*** Supplied records

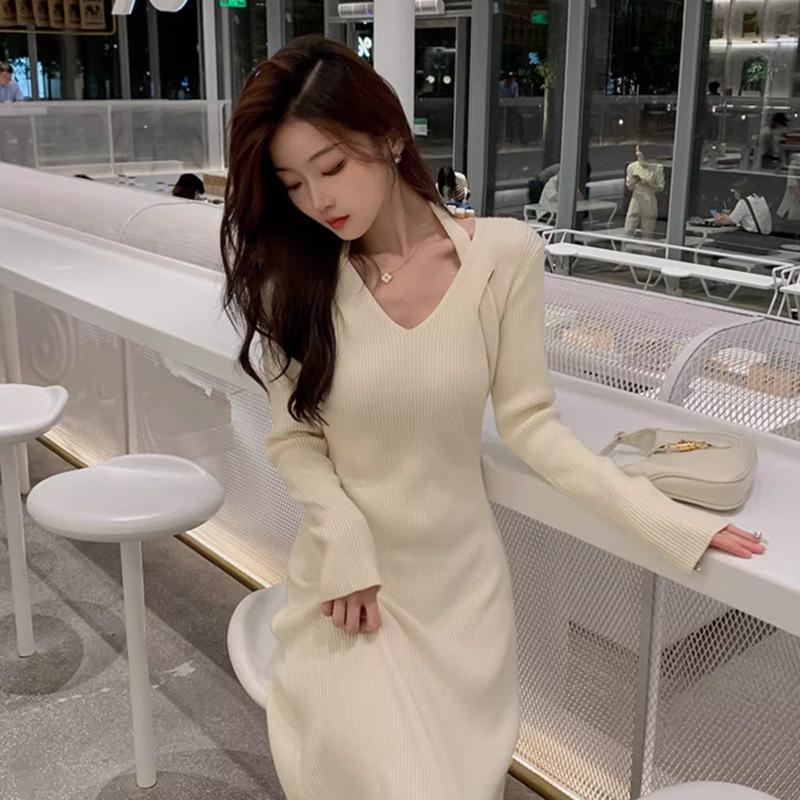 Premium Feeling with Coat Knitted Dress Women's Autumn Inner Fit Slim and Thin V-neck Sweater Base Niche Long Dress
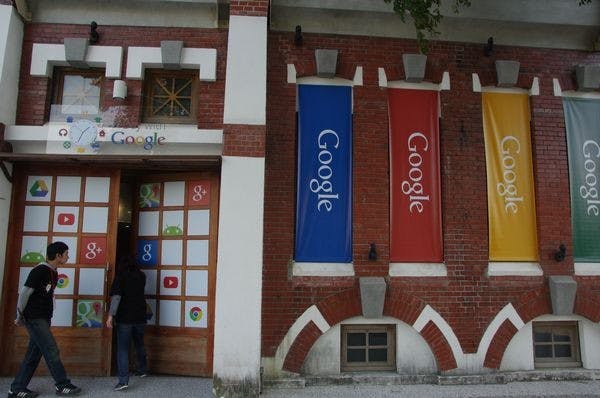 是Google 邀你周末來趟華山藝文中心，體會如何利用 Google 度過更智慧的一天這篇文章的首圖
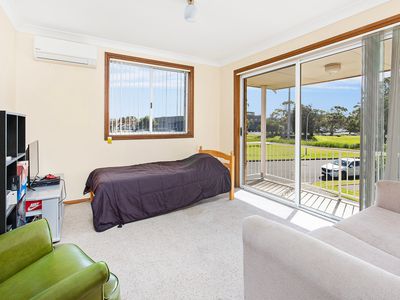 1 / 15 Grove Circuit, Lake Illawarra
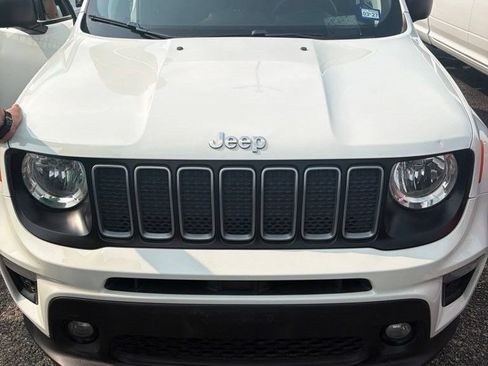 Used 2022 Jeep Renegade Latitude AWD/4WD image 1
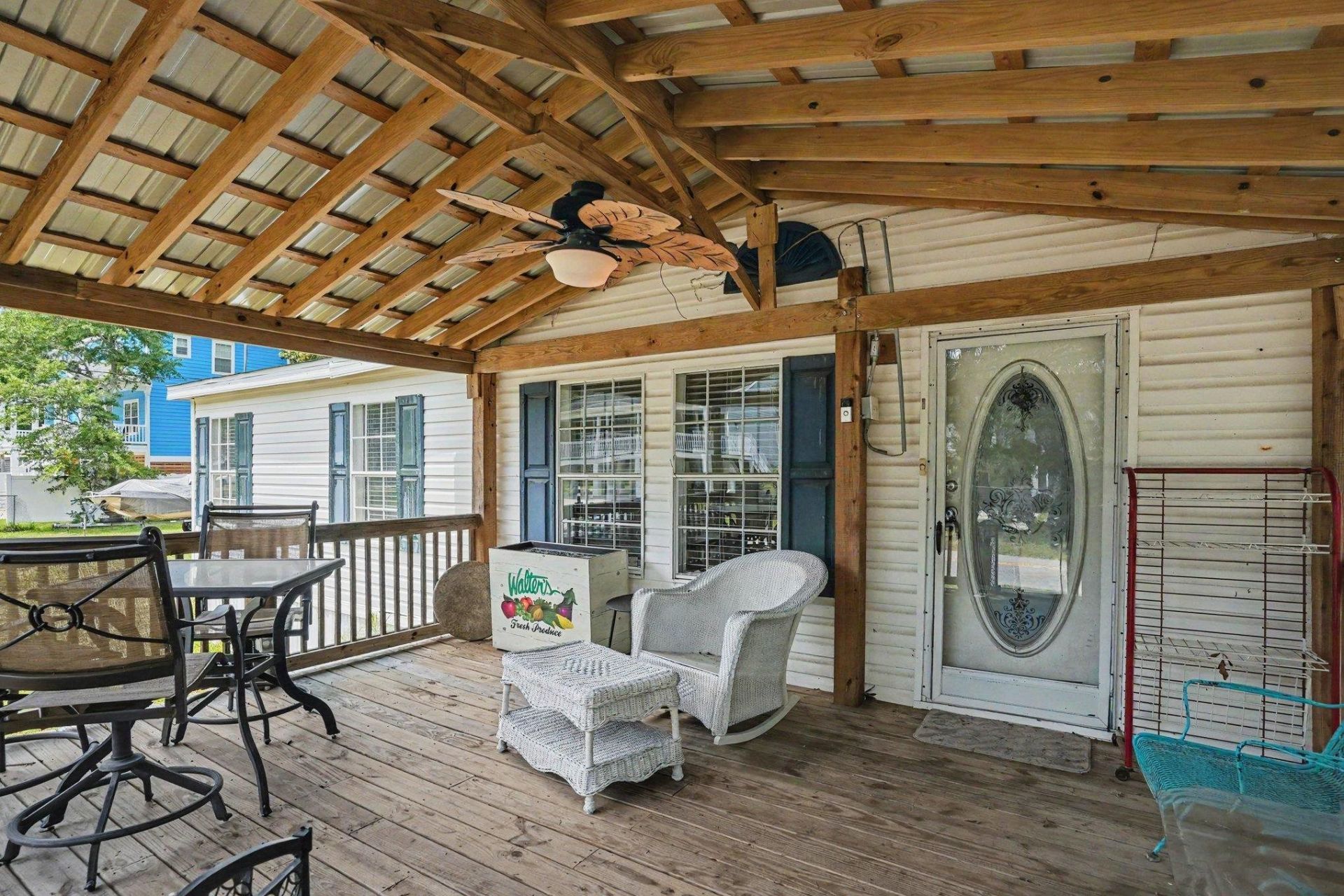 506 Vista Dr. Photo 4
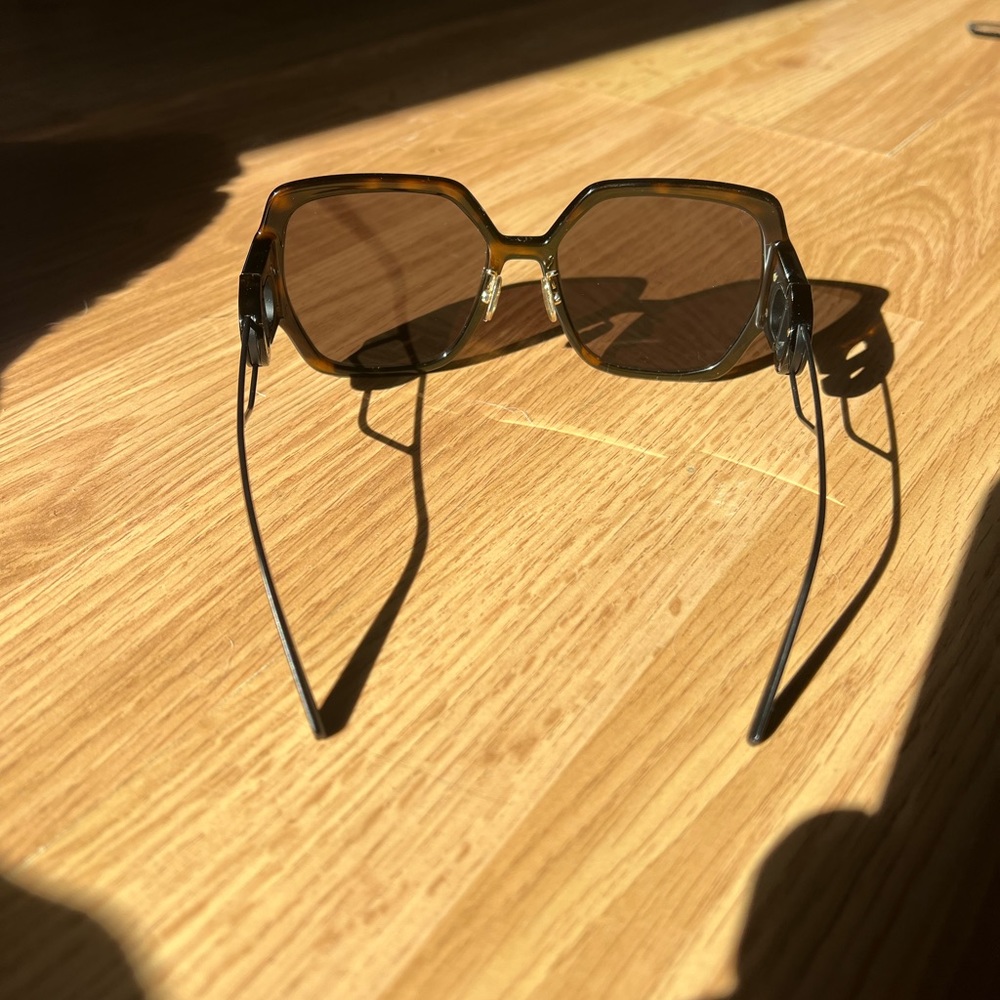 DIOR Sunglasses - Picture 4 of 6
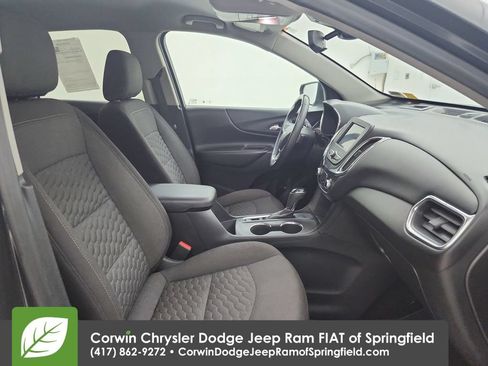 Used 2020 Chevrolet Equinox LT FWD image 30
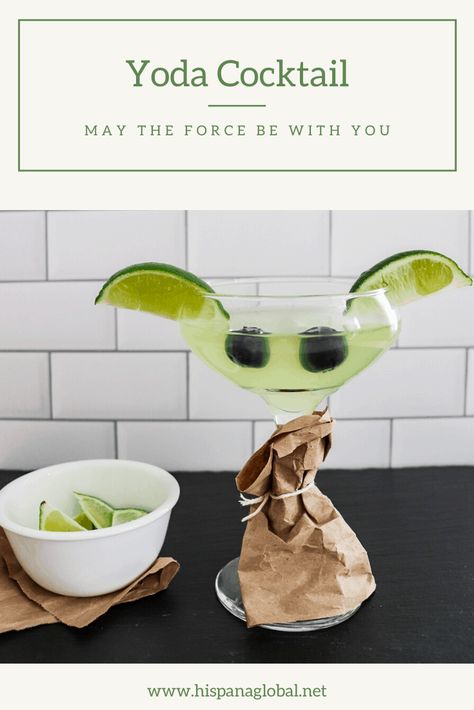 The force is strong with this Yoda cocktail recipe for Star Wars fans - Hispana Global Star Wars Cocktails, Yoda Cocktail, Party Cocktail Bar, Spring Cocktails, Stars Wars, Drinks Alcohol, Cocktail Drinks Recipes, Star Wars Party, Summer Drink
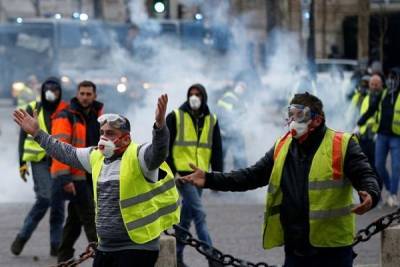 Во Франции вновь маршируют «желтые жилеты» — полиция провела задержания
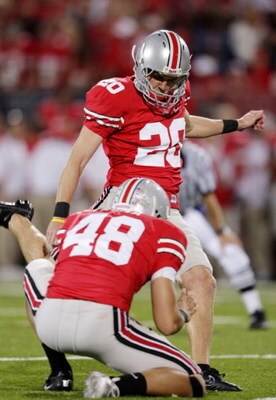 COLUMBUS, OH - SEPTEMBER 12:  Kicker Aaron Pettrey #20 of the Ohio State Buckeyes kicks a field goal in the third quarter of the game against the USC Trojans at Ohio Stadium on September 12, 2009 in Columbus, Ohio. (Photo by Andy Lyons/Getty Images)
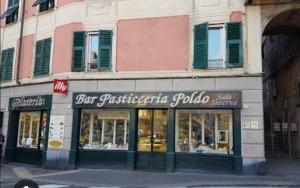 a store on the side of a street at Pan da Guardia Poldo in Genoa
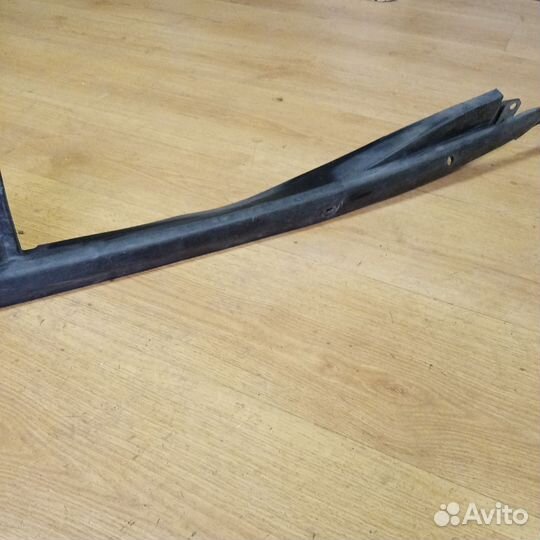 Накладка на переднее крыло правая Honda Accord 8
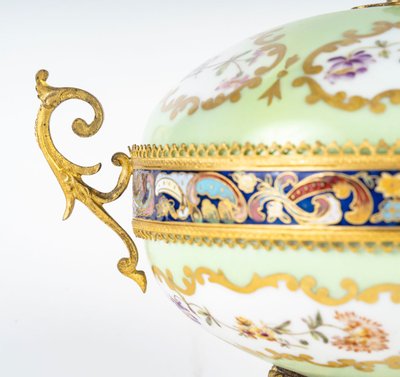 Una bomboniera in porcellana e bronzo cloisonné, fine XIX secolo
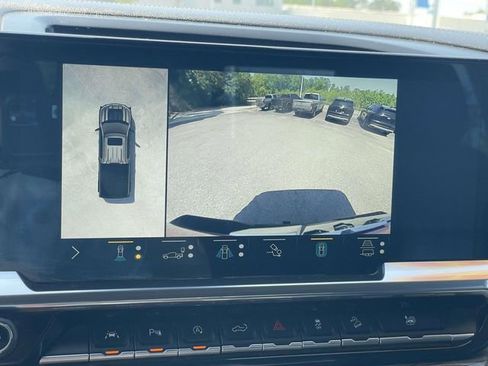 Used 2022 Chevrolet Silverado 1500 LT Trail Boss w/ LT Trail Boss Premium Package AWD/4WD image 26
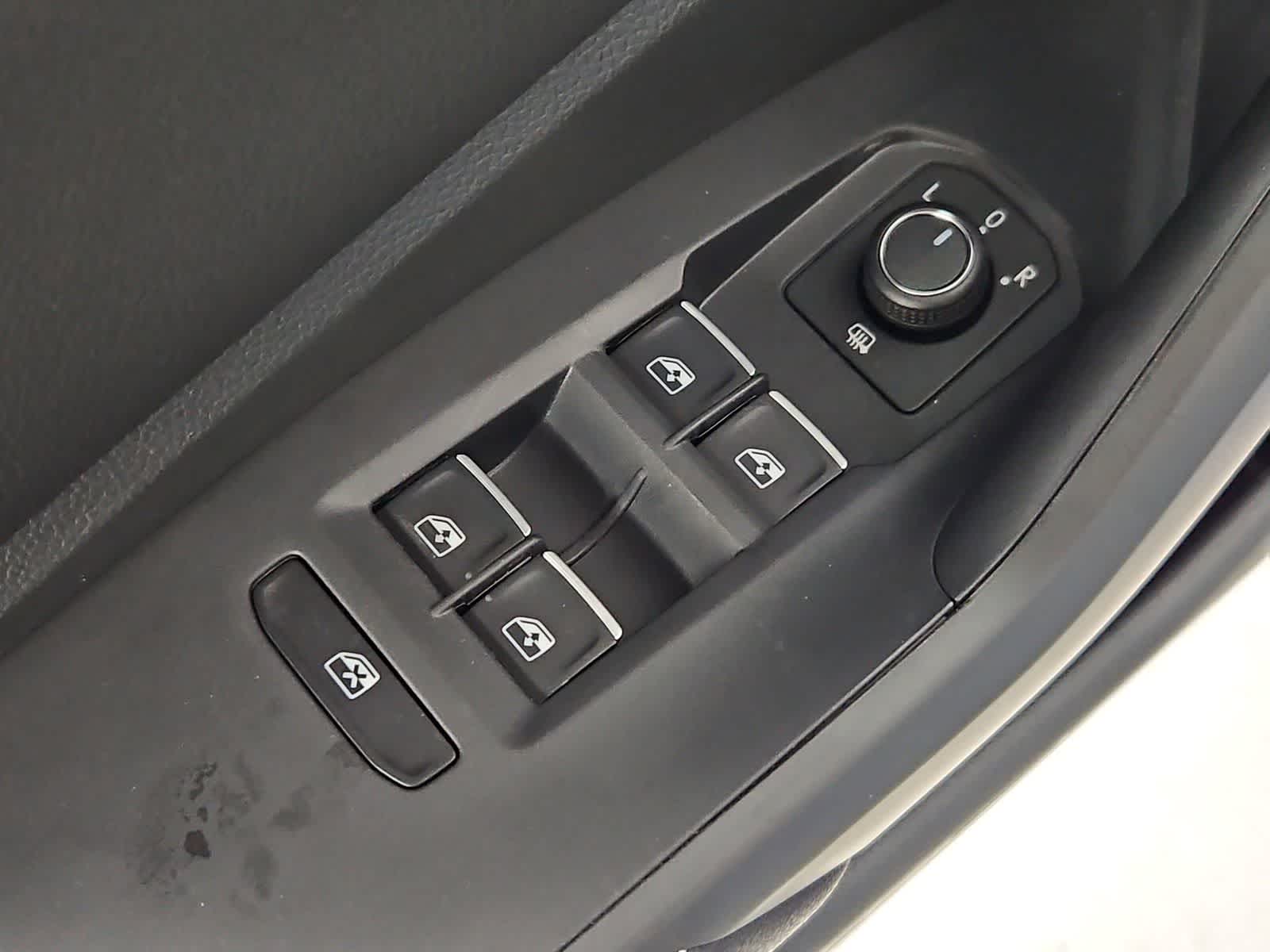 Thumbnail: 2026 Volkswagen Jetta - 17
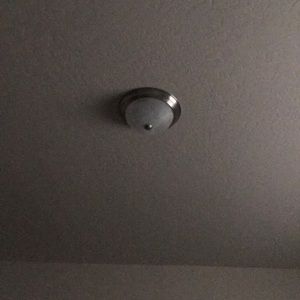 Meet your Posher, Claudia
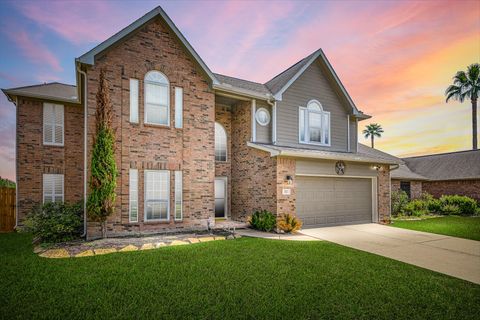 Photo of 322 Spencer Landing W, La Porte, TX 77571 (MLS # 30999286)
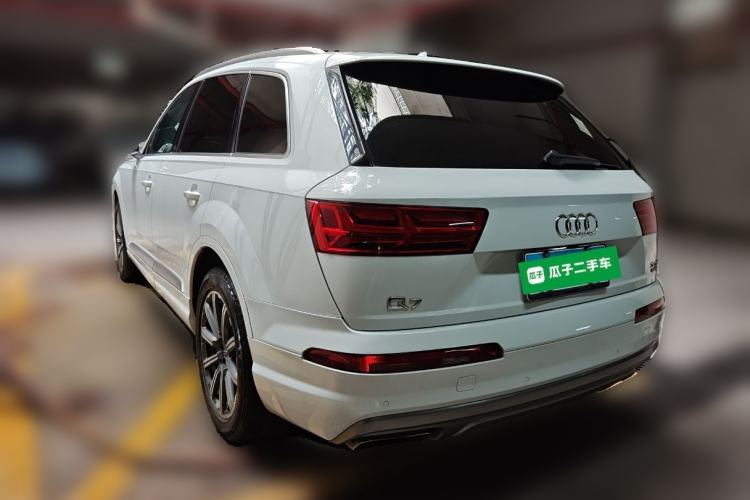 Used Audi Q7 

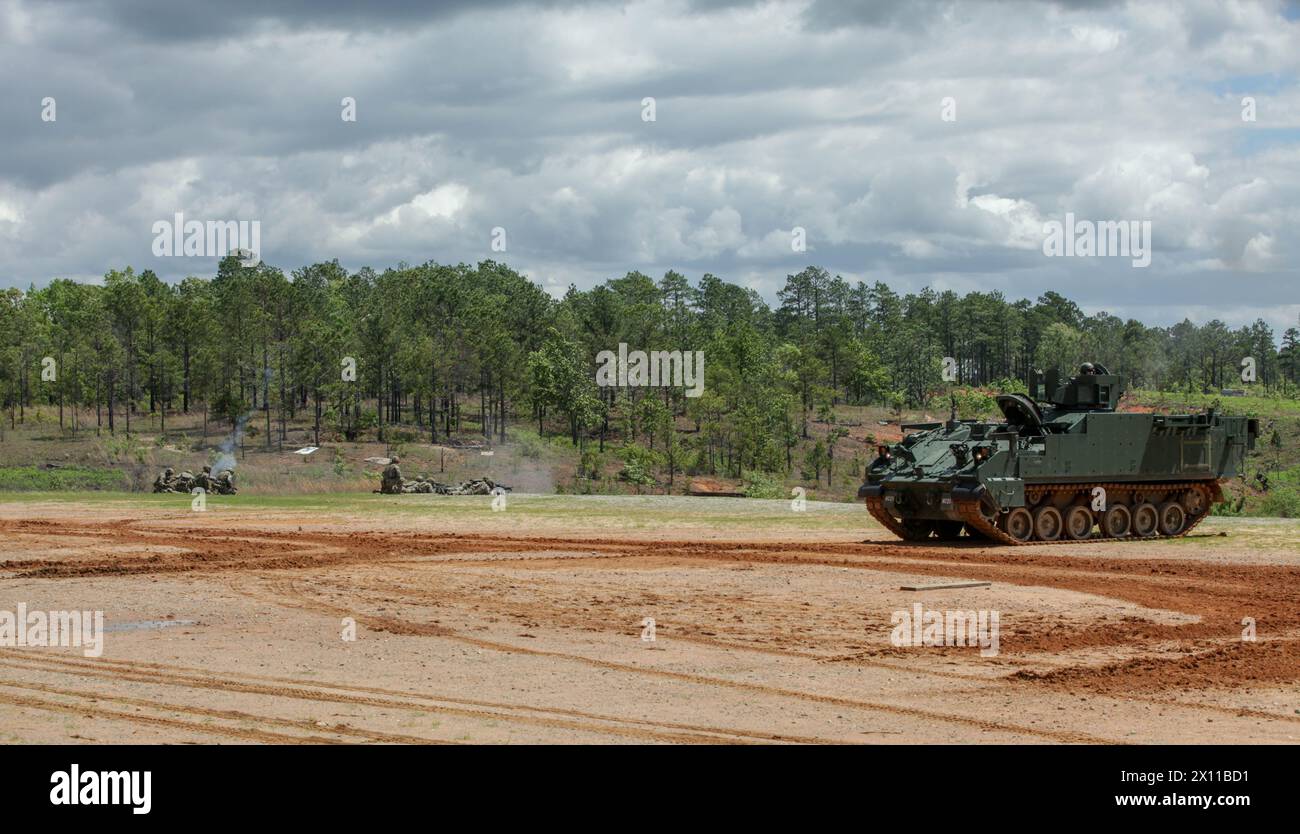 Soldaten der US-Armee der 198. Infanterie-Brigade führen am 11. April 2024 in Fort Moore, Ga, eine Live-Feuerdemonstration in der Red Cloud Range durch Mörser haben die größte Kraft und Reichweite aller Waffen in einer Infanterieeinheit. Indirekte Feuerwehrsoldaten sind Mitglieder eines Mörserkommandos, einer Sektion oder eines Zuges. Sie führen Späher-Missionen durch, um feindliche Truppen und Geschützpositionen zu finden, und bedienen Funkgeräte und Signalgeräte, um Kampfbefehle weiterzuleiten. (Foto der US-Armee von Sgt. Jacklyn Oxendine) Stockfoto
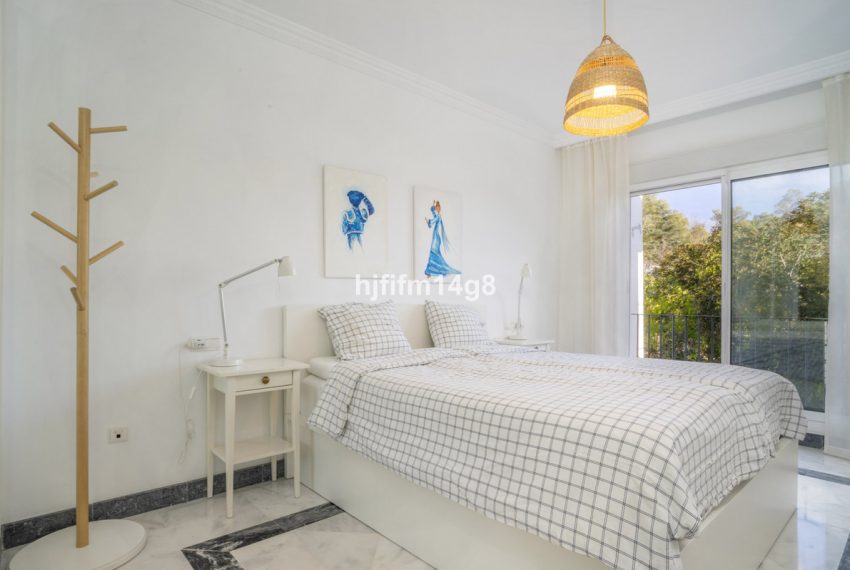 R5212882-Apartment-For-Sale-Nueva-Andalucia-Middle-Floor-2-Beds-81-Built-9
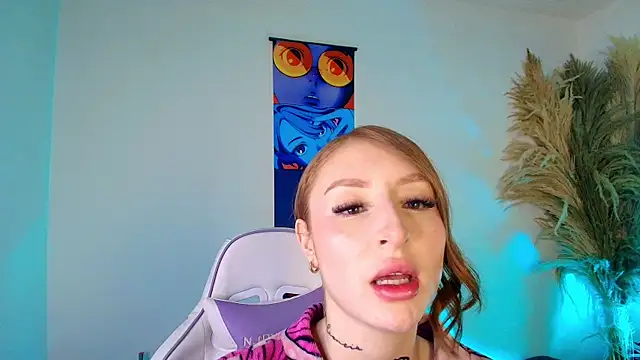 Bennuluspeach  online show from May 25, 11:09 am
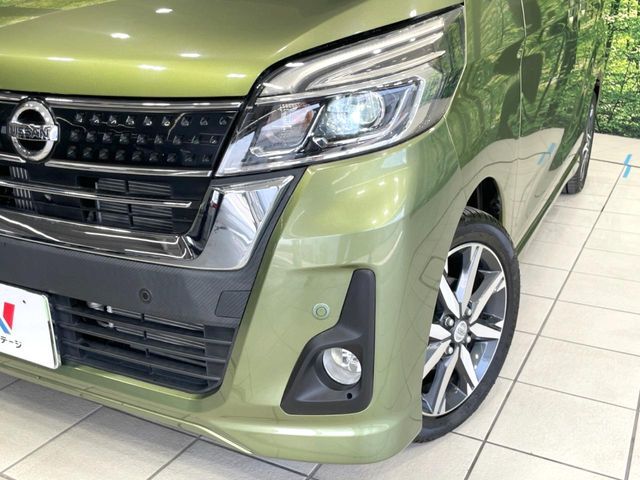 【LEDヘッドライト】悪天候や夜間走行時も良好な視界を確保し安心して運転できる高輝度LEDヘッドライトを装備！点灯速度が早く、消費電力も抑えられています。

******

Reproduce, word for word, only the lines in the records above from the line with "Una bomboniera in" through the line with "25, 11:09 am", including both ends; omit the pictures.

 Una bomboniera in porcellana e bronzo cloisonné, fine XIX secolo
 Used 2022 Chevrolet Silverado 1500 LT Trail Boss w/ LT Trail Boss Premium Package AWD/4WD image 26
 Thumbnail: 2026 Volkswagen Jetta - 17
 Meet your Posher, Claudia
 Photo of 322 Spencer Landing W, La Porte, TX 77571 (MLS # 30999286)
 Used Audi Q7 

 Soldaten der US-Armee der 198. Infanterie-Brigade führen am 11. April 2024 in Fort Moore, Ga, eine Live-Feuerdemonstration in der Red Cloud Range durch Mörser haben die größte Kraft und Reichweite aller Waffen in einer Infanterieeinheit. Indirekte Feuerwehrsoldaten sind Mitglieder eines Mörserkommandos, einer Sektion oder eines Zuges. Sie führen Späher-Missionen durch, um feindliche Truppen und Geschützpositionen zu finden, und bedienen Funkgeräte und Signalgeräte, um Kampfbefehle weiterzuleiten. (Foto der US-Armee von Sgt. Jacklyn Oxendine) Stockfoto
 R5212882-Apartment-For-Sale-Nueva-Andalucia-Middle-Floor-2-Beds-81-Built-9
 Bennuluspeach  online show from May 25, 11:09 am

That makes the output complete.